On Wed, 3 Jan 2001, Seth Russell wrote:

> > Isn't 'smushing' just unification hacking; am I missing something?
> 
> I'm not familiar with "unification hacking" but "smushing" is probably
> more commonly called "aggregation".  To my knowledge the term was
> first used by Dan Brickley as follows:
> 
> see:
> http://lists.w3.org/Archives/Public/www-rdf-interest/2000Dec/0191.html
> 
>   (2) 2nd pass node convergence ("data smushing")

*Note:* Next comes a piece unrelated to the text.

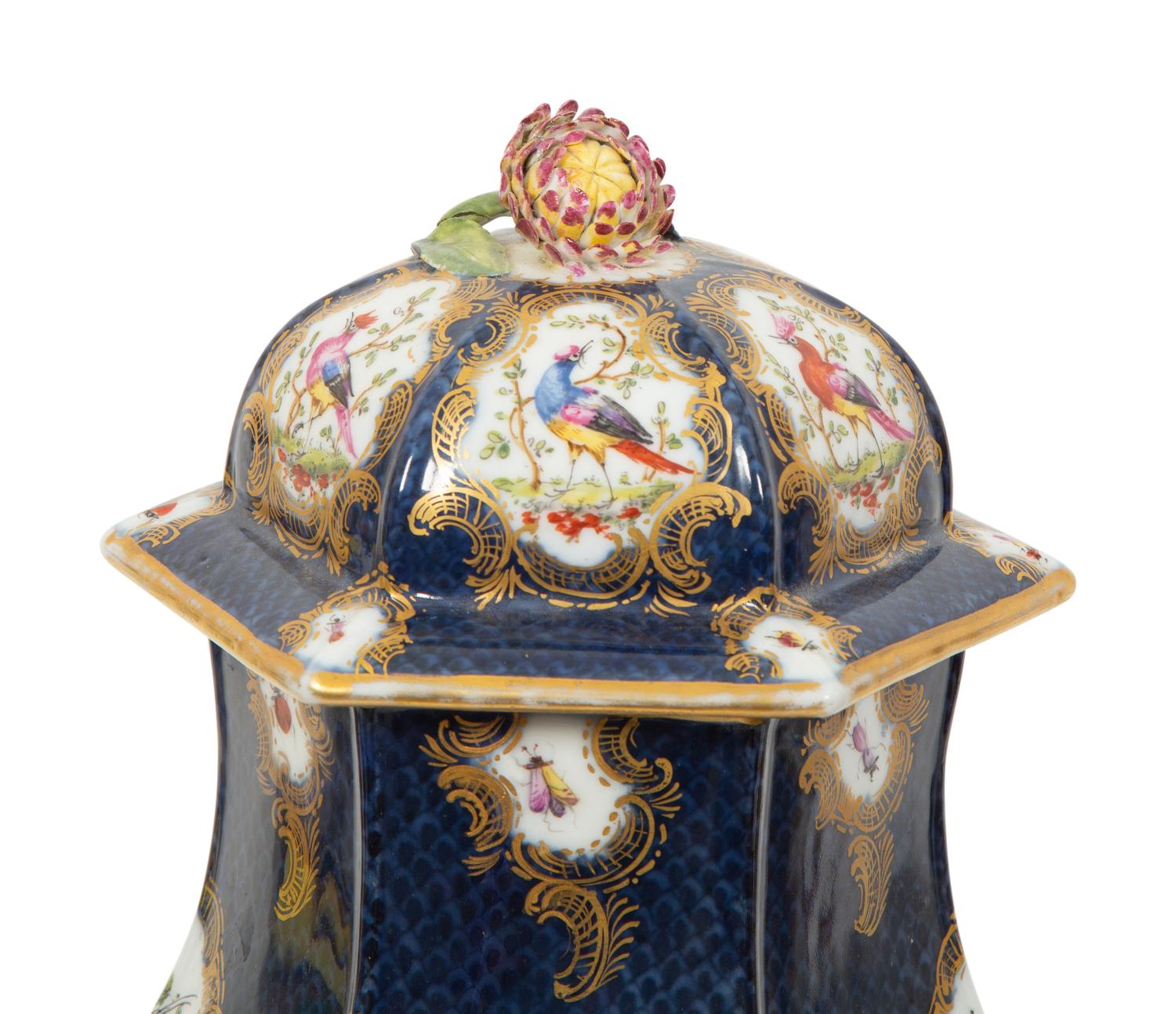 A Pair of French Samson Porcelain Covered Vases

It's just a cutesy term we've been using around here for databases that
"go one better than URIs" when aggregating diverse RDF information into
a common store.  Not worth over analysing! I'm wary of calling the
collection of hacks and heuristics that I'm using "unification", though
maybe that's what's going on. 

dan

ps. copied below an example scenario I'm playing with (haven't
checked the markup but drift should be clear...) excerpted from a
writeup in progress. Maybe examples of this kind will be useful to
clarify the behaviour of current RDF systems? 

Example Scenario

a.rdf 

<Company>
<corporateHomepage web:resource="http://megacorp.example.com/"/>
<name>MegaCorp Inc.</name>
<ticker>MEGA</ticker>
<owner>
 <Person>
 <name>Mr Mega</name>
 <personalMailbox web:resource="mailto:mega@megacorp.example.com"/>
 <personalHomepage web:resource="http://megacorp.example.com/~mega"/>
 <age>50</age> 
 </Person>
</owner>
</Company>

b.rdf 

<User>
 <personalMailbox web:resource="mailto:mega@megacorp.example.com"/>
 <technologyInterest web:resource="http://www.w3.org/XML/">
 <technologyInterest web:resource="http://www.w3.org/RDF/">
 <technologyInterest web:resource="http://www.mozilla.org/">
</User>

c.rdf 

<Organisation>
<corporateHomepage web:resource="http://megacorp.example.com/"/>
 <ethicalPolicy>
   <PolicyStatement web:about="http://dotherightthing.example.org/policy.xhtml"/>
   <title>Ethical Business Shared Guidelines 1.1</title>
   </PolicyStatement>
 </ethicalPolicy>
</Organisation>

notes...

We have three chunks of RDF/XML
data, each providing fragments of information that can usefully be
combined. Our goal is to combine this information
successfully despite the lack of common URIs for the key entities
described in the three RDF files. Whether we do this
at storage time, at query time, or some combination of both remains to
be discussed. 

I assume we have an interest in aggregating the statements encoded in
these three pieces of RDF/XML, so that we can answer questions such as
the following: 

       (Q1) What are the technology interests of persons who own
	companies that have an ethical policy
       committment to the policy stated in the document
	http://dotherightthing.example.org/policy.xhtml 

To answer such a question in the absence of URI names for the company
and person, we need to identify them using
other information that we have about those entities. In this scenario,
we exploit additional meta-information about some
of the properties used in our descriptions. Specifically, we make assume
that... personalMailbox, personalHomepage
and corporateHomepage are uniquely identifying properties. By this we
mean that, for any given value of one of these
properties, there exists 'at most one' resource with that
characteristic. We do not concern ourselves here with <em>how</em> we
know this, except to note that augmented RDF schemas might be used to represent such
interesting properties-of-properties.

Received on Wednesday, 3 January 2001 13:36:40 UTC